Any input would be greatly appreciated.


----------



## joplin1975 (Jul 21, 2011)

You are quite under medicated.

Have you had an ultrasound? Have your antibodies been tested?


----------



## prudens2014 (Feb 10, 2014)

No, the PA I see says I'm "fine."

How do I convince him that I'm not? Also, I think he's worried that too much medication will give me heart problems. How do I convince him that that is not the case?


----------



## joplin1975 (Jul 21, 2011)

Is this a PA at your family doc's office? Or at a specialist's office?

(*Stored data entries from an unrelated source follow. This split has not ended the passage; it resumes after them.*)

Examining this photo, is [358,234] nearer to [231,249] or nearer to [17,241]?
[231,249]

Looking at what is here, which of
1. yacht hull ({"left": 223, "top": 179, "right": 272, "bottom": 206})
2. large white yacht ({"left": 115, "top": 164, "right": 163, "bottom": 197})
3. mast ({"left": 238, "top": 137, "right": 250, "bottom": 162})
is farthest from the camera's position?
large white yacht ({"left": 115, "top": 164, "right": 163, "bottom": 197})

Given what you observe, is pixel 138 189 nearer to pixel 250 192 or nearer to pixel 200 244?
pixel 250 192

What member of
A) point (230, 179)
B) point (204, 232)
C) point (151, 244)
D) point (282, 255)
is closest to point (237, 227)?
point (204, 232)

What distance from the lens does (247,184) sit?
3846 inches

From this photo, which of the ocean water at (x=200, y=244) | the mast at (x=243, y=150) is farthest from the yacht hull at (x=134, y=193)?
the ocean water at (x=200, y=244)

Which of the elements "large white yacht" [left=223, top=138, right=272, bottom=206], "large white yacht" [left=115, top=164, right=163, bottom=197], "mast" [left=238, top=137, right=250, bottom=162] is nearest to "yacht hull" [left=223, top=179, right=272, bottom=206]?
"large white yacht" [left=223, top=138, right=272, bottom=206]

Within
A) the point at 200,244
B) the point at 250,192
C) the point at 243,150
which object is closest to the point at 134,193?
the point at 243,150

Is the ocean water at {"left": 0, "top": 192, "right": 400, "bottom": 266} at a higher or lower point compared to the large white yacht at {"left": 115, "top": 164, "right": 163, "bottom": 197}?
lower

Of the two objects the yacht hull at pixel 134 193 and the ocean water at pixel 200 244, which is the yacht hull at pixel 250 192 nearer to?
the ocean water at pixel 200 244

We've got posters who can provide you with lots of information, but I think the end resulting be that you have to find a new provider. Very few will change their treatment protocols based on patient-provided literature.

More importantly, find someone who will investigate more fully the cause. You are on a large dose of medication for someone who still has a thyroid. You really want to eliminate the more serious possibilities (like thyroid cancer) before you get overly focused on fixing your labs and symptoms.


----------



## prudens2014 (Feb 10, 2014)

Thanks for your answer.

This PA is at family doc, but they claim to have treat thyroid and hormones extensively. There's not many thyroid specialists here, there is one, but he is booked until next year and I can't afford him at this moment. I pay a monthly membership + $25 / visit for this PA at this clinic. The thyroid specialist I'm guessing at least $185 to start.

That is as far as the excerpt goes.